Rauhenkopf, 2264 m

Die anfangs über Serpentinen der im Früh- und Hochwinter geschlossenen Zillertaler Höhenstraße führende Tour ist zwar kurz, aber relativ steil und schließt mit einem etwas felsigen Grat ab. Ideal für Einsteiger mit Alpin-Ambitionen. (Autor: Christian Schneeweiß, Siegfried Garnweidner)
4 km
450 m
1.00 h
Aufstieg: Von der Schranke über drei ungeräumte (aber evtl. vom Hüttenwirt der Rastkogelhütte mit dem Pistenbully plattgewalzte) Serpentinen der Zillertaler Höhenstraße aufwärts, wo links der Fahrweg zur Rastkogelhütte abzweigt.

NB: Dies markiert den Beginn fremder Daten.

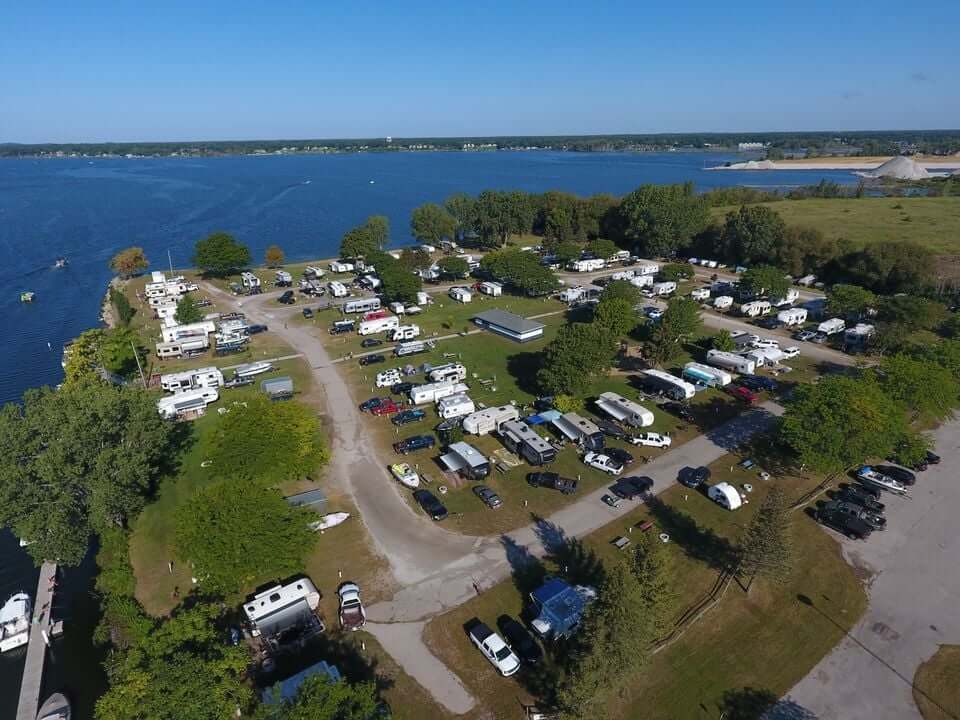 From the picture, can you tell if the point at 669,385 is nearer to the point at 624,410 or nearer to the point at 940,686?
the point at 624,410

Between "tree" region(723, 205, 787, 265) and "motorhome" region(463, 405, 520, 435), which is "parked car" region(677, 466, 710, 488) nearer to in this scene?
"motorhome" region(463, 405, 520, 435)

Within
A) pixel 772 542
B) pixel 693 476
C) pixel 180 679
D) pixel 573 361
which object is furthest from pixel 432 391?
pixel 180 679

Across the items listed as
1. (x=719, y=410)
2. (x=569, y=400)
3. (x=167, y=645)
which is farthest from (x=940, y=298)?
(x=167, y=645)

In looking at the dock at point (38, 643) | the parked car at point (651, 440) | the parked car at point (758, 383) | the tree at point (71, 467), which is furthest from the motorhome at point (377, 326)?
the parked car at point (758, 383)

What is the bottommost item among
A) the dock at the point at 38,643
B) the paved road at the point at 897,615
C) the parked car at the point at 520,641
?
the dock at the point at 38,643

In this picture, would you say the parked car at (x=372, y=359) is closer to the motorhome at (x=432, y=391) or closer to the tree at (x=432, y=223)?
the motorhome at (x=432, y=391)

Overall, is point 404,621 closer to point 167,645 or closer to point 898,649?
point 167,645

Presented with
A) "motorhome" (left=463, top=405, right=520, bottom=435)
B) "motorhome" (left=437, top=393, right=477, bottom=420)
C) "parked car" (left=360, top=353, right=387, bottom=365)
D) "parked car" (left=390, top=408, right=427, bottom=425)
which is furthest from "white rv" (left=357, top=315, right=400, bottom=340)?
"motorhome" (left=463, top=405, right=520, bottom=435) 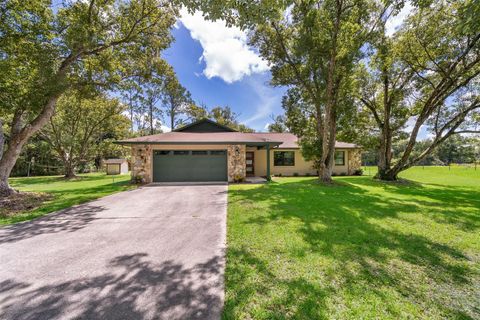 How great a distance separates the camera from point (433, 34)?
388 inches

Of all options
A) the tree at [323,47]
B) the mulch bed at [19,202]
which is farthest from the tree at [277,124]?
the mulch bed at [19,202]

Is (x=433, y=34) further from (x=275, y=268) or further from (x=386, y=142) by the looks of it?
(x=275, y=268)

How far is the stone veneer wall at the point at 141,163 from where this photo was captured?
12.3 m

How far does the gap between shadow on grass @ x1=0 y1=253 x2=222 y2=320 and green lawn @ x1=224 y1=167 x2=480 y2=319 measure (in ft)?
1.10

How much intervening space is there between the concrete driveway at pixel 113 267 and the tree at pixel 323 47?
955cm

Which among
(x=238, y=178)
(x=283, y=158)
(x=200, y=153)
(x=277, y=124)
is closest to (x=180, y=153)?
(x=200, y=153)

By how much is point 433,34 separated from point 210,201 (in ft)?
43.7

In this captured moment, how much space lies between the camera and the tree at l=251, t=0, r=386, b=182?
10227 millimetres

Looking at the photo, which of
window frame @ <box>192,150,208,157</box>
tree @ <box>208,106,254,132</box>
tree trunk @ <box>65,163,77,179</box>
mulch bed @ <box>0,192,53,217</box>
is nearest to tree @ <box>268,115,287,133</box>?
tree @ <box>208,106,254,132</box>

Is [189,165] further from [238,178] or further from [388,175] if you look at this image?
[388,175]

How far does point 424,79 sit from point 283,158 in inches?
403

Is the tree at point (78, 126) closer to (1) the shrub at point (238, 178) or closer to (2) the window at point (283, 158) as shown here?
(1) the shrub at point (238, 178)

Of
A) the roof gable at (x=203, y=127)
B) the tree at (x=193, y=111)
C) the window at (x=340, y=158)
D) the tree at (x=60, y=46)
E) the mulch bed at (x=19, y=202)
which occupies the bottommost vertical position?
the mulch bed at (x=19, y=202)

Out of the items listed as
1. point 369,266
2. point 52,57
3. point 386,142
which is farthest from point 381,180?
point 52,57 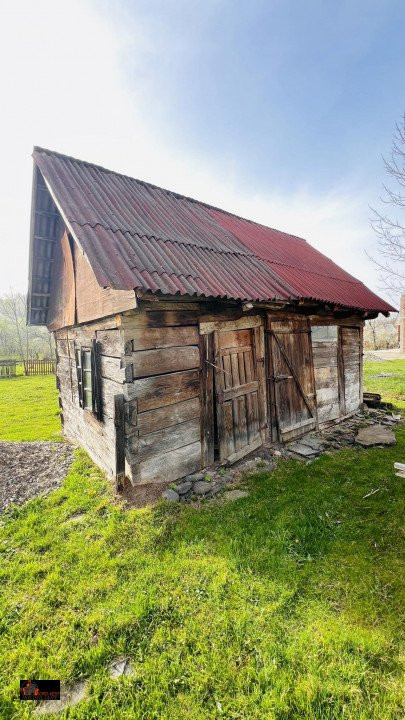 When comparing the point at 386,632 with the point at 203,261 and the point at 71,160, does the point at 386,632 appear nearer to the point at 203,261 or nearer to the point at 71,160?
the point at 203,261

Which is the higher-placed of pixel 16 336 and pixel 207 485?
pixel 16 336

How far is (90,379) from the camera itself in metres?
5.81

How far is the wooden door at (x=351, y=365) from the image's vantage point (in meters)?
8.93

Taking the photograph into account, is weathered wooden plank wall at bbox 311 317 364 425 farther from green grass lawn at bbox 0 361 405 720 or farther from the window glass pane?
the window glass pane

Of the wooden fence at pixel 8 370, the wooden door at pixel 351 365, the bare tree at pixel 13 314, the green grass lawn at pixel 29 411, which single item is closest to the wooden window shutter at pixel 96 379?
the green grass lawn at pixel 29 411

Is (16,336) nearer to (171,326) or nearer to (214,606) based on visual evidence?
(171,326)

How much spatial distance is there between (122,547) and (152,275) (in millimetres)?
3620

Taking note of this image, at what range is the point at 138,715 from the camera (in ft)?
7.01

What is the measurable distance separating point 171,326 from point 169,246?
168 cm

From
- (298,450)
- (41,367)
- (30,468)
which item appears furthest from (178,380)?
(41,367)

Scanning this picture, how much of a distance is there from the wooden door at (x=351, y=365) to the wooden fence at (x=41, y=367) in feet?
70.4

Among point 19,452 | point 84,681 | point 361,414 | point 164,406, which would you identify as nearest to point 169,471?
point 164,406

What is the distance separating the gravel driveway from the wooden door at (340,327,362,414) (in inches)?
303

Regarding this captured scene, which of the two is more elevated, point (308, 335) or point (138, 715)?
point (308, 335)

Über die Böschung auf einen mäßig steilen, parkartig bewaldeten Hang und über diesen nordostwärts hinauf zur freien Schaftenheualm. Etwas links haltend (nordwärts) und steiler über kupiertes Gelände und eine abschließende steile Mulde in eine Scharte links des Rauhenkopfs. Rechts über einen etwas felsigen, aber nicht ausgesetzten Grat zum Gipfelplateau.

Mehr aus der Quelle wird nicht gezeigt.